Referring to my results table and graph, after 0.8M/dm³, a more concentrated solution loses less of it’s mass than 0.8M/dm³. On my graph, after 0.8M/dm³, the line of best fit slightly goes up. In my results table, the percentage change for 0.8M/dm³ is -31.6%. I would have expected the reading for 1.00M/dm³ to have a bigger percentage decrease in mass however the actual reading is -30.2%. This is because after a certain point, the potato cells are completely plasmolysed. Inside the cells there are now vacuoles. The salt solution fills these vacuoles by going through the fully permeable wall resulting in the mass starting to increase slightly.
- Dilute solution – Turgid
- Same Concentration of Solution
- Concentrated Solution – Flaccid
- Plasmolysed Cell
In my prediction, I did not expect this to happen, I expected that the 1.00M/dm³ would be the solution with the biggest percentage decrease in mass. However looking at plasmolysis explains why this happened. Therefore my prediction was right however I did not account for plasmolysis.
Evaluation
The first point of my evaluation is that I had an anomalous result – B at 0.00M/dm³. This is highlighted in red on my table. There are a number of reasons why this may have happened where I may have not controlled one of my variables. (see variables table). However from looking at the possibilities in my variables table. I used the same variety of potato. I left all my cylinders in the solution for the same amount of time, I used the same scales, as the concentration of this particular result is 0.00M/dm³ I think it is highly unlikely I used the wrong concentration of solution. I covered all my solutions with cling film carefully to stop evaporation. It could have been affected by diffusion however I placed all my test tubes in the same place so it would have affected all my results. I could have forgotten to dab my potato dry however, from looking at my table, I can see that the original mass was already too high before I had even put my cylinders in the solution. Therefore I think it likely that I either misread the reading on the scales or I did not cut this cylinder accurately enough with my cork borer and knife. I did not include this result in my averages, change in mass or percentage change as this would give me less accurate results. To improve my experiment I could have repeated the experiment at 0.00M/dm³ and use the new set of results.

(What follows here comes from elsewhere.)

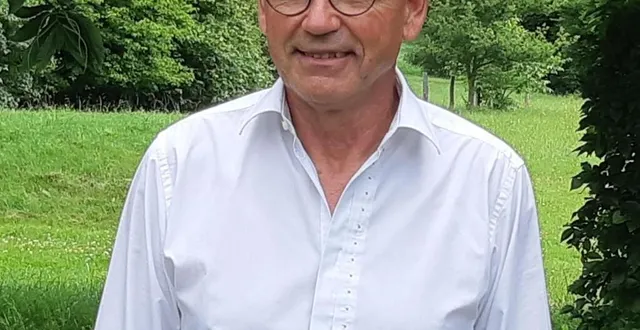 photo  jean-claude moser, maire de saint-pavace, laissera son fauteuil en 2026.  &copy;  archives le maine libre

In general, improvements, I could have made are:
- Do more repeats at each solution giving me a more accurate average.
- Repeat the experiment at 0.10M/dm³, 0.20M/dm³, 0.30M/dm³, 0.40/M/dm³ through to 1.00M/dm³ rather than just 0.20M/dm³, 0.40M/dm³, etc.
- I could have used a water bath to manage the temperature, controlling the rate of diffusion to make a fairer test.
- Used a different shape potato piece, e.g. a flat disk rather than a cylinder as this would give a larger surface area giving me more accurate results and a better average.
- In general, taken more time to be more accurate in preparation and in taking my results.
Although I could have made improvements, I had just the one anomalous result. I think that the main improvement I could have made was to make sure that my cylinders were all the same diameter and length to begin with which would have given me better averages. However from looking at my results I can say that they are reliable as I have taken 3 readings at each concentration of solution and my results table shows that all 3 readings are usually close together. It is very unlikely that all 3 results would be wrong and so I can be fairly sure that I have a set of reliable results.